When I first built the Weekly timetable in My Book It I was particularly proud of the achievement. The page draws a table that changes columns with every load, it automatically updates itself as changes are made to the database. It is probably the single most complicated page in My Book It.
When it was first created the database had very little data in it, maybe 100 classes in a week and a few hundred associations behind the scenes. Due to the small amount of data it was very easy to read from the database often and the site still perform quickly. Over the last two years however these databases have grown significantly in the number of records that are being held.
This created a problem where my once fast running Weekly Timetable now could take over 12 seconds to load for a site that had been running for two years on my hardware. This is a big problem, it was compounded by the possibility of moving the site off my own equipment and onto a VPS. (Original tests of the page took over 30 seconds to load).
With the recent growth of My Book It, a move to a VPS (or similar) was imminent, so this is an issue that had to be addressed and sooner rather then later. It would be a hard sell to say we are moving the site to improve reliability and performance, and by the way your timetables will take 30 seconds to load first time around. (The second time it loaded it was cached in MySQL)
So the first issue was to identify what was causing the slow loading. After watching what was happening behind the scenes while the page loaded I noted that the MySQL process would hit 100% CPU for the duration of the load. This proved that the issue was to do with the database queries and not a limit of PHP or apache. Now that I had the suspected cause, I needed to review the code to try and identify the cause.
The original code basically did the following
## Work out the variables required. ## Get the start times for the week from the classes table ## Work out how many in each class from the assoc table (1 x lookup for each class) ## Draw the timetable ## For each class slot, look up the student information (1 x lookup for each student in each class)
That worked well, but the issue was that in a school of 300 or so students, it could easily look at the database over 1500 times and as the tables grew in size so did the time it took to get the information as some of these queries were very complicated and could join over 3 tables together to get the information it was looking for.
So now that I know the issue, what could be done about it?

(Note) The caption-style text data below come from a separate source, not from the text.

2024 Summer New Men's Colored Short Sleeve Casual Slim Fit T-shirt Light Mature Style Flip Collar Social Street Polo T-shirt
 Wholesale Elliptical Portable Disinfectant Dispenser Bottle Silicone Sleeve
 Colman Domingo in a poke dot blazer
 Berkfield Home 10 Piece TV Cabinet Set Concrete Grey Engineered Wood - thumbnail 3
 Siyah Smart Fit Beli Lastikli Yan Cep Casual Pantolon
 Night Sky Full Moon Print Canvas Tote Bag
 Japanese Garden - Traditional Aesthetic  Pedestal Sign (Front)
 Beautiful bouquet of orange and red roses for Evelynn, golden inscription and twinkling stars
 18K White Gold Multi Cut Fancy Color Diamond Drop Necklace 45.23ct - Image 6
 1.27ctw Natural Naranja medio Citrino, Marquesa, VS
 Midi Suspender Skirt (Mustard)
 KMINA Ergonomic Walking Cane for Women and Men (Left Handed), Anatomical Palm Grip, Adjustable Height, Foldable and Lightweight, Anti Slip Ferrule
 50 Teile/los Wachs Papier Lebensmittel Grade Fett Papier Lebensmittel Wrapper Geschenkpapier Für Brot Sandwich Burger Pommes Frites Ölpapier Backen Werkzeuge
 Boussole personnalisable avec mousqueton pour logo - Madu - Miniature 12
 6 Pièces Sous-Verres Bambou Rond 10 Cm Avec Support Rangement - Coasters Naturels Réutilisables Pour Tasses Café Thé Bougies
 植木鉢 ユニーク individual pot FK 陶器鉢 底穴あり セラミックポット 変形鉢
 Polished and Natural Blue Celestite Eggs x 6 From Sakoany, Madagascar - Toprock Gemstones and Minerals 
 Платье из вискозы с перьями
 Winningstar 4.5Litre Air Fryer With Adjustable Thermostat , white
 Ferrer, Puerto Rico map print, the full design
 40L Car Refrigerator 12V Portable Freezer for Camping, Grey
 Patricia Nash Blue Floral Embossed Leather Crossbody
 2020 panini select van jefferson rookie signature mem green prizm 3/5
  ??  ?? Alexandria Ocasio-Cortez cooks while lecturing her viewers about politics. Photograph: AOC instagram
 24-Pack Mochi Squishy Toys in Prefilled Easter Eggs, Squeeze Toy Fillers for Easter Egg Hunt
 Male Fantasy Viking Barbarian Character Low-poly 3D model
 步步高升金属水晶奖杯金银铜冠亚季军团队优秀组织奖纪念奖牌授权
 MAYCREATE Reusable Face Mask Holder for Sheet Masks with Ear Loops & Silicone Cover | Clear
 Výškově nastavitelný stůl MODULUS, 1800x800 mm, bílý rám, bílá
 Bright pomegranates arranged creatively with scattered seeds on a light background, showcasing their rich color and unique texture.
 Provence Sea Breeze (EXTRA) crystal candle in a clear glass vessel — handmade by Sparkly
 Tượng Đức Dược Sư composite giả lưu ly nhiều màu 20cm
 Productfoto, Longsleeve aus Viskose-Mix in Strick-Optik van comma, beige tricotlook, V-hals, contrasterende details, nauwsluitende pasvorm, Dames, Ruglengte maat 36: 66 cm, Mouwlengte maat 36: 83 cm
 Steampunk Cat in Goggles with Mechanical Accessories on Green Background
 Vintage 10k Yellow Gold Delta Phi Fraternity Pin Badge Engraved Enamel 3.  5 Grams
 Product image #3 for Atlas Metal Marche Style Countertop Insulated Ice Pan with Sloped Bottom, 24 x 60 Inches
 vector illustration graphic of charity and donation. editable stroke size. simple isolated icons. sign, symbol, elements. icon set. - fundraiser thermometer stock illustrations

After much thought about it I came up with a few possible solutions. (and their possible issues)
- Archive old data – I could hold a few months (maybe a years) worth of data in the primary tables. Then on a regular basis archive old data out to another table. Then either build in some smarts to reference both or have an archive set of timetables. The issue with this was that my data is not liner (i.e. the age of the record corresponds to its location in the data).
- Increase resources to the machine. – I could add faster CPU’s, more RAM, increase the cache sizes. All of these would be easy but expensive to do. My Book It is designed to run lean so this was discounted early. Also this isn’t a fix it just delays the same issue to a point where you have spent a lot of money and just delayed the issue.
- Re-write the page. – This was the best option, but it was also the most daunting as the page I had written works, and how could I be sure that my replacement would work or have any difference at all?
After much thought about it all I decided that the right way to go was to re-write the page. This was very daunting as I could spend a lot of time re-writing the page and it may have no difference to the performance.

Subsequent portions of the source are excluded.